Of course, there are moments when Dear Abby might politely quibble with the way I interact with others. Sometimes, my appreciation of the sensitivities of all those who didn't get enough attention growing up, and whose self-esteem rests on what some stranger posts on the Internet is simply lacking. But taking the rights of nonhumans not to be used as property seriously sometimes means calling it the way you see it.


So, am I bad for veganism? I can't honestly answer yes. What I do think of as being not just bad, but unremmitingly terrible for veganism (worse than the third season of The OC bad) is the resistance to thinking in the movement. If I had a dollar for every regulationist response to an abolitionist argument that I knew was little more than a cut and paste from regulationist propaganda, I could retire.

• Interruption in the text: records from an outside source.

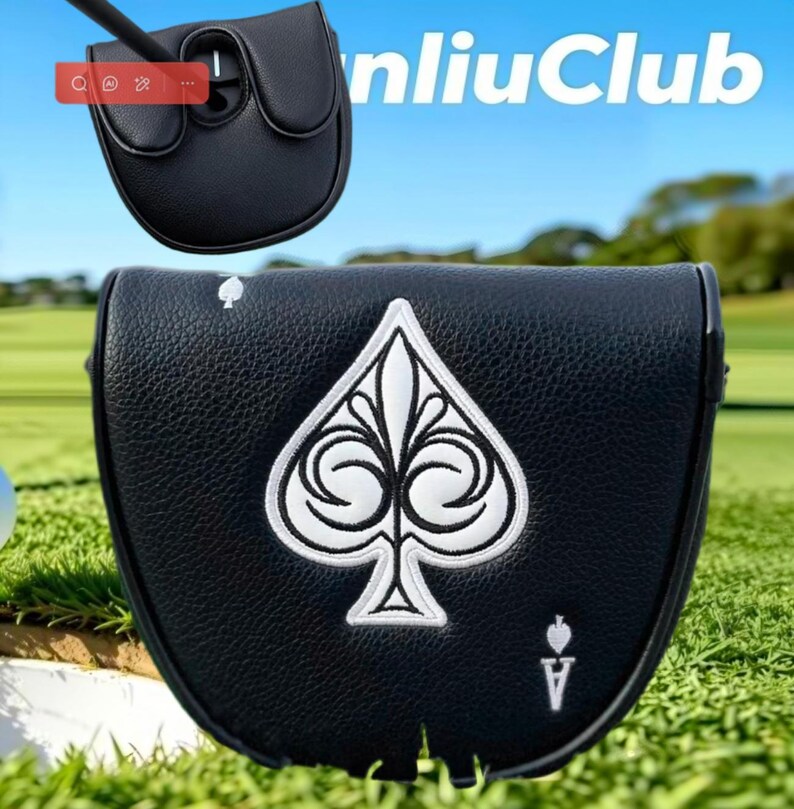 May include: A black leather putter headcover featuring a large white embroidered spade symbol in the center, a small spade icon in the top left corner, and the letter A with a small spade icon in the bottom right corner, with a textured finish.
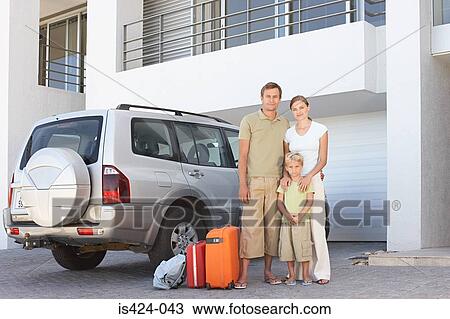Family stood by car with suitcases View Large Photo Image Stock Image - Family stood by car with suitcases. Fotosearch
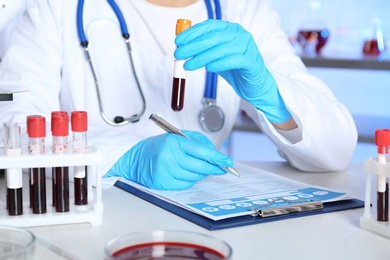 Photo of Female scientist working at table in laboratory. Research and analysis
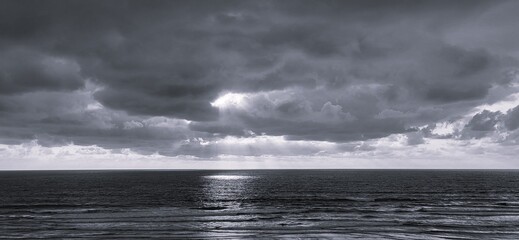 A dramatic seascape banner where sunlight pierces through heavy clouds, casting radiant beams onto a calm ocean. The interplay of light and shadow creates a powerful yet peaceful atmosphere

Honestly, cracking a book never hurt anybody. And the outright rejection of thought that is required to refuse to engage someone with ideas and instead resort to name-calling is deeply unfortunate but emblematic of the animal advocacy movement today. Political Movements for Adults (trademark pending, and no offense to children) don't grasp at straws and they don't apologize for taking a firm stand, nor do they call names and rely on ad hominems. They behave politely, clearly articulate their values and ideas, and take unequivocal stands about the justice they seek on behalf of others. That's what we owe nonhuman animals, period. If that makes me bad for veganism, well, I guess in that case, the canvas shoe does fit.

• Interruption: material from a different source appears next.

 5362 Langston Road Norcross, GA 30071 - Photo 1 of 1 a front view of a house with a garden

But whether you like me, or don't like me, I'm asking you to be less divisive, to be less hurtful in your personal attacks on me (and other advocates); they keep me up at night thinking about blog posts to write! I'm calling on you to give thinking a chance. More important, I'm here to stay; I think you should take the rights of animals not to be used as property seriously, go vegan if you're not already, and engage in creative nonviolent vegan outreach that eschews racism, sexism and violence and promotes an end to the property status of nonhuman animals as the pratical, ethical, and effective way to end their slavery.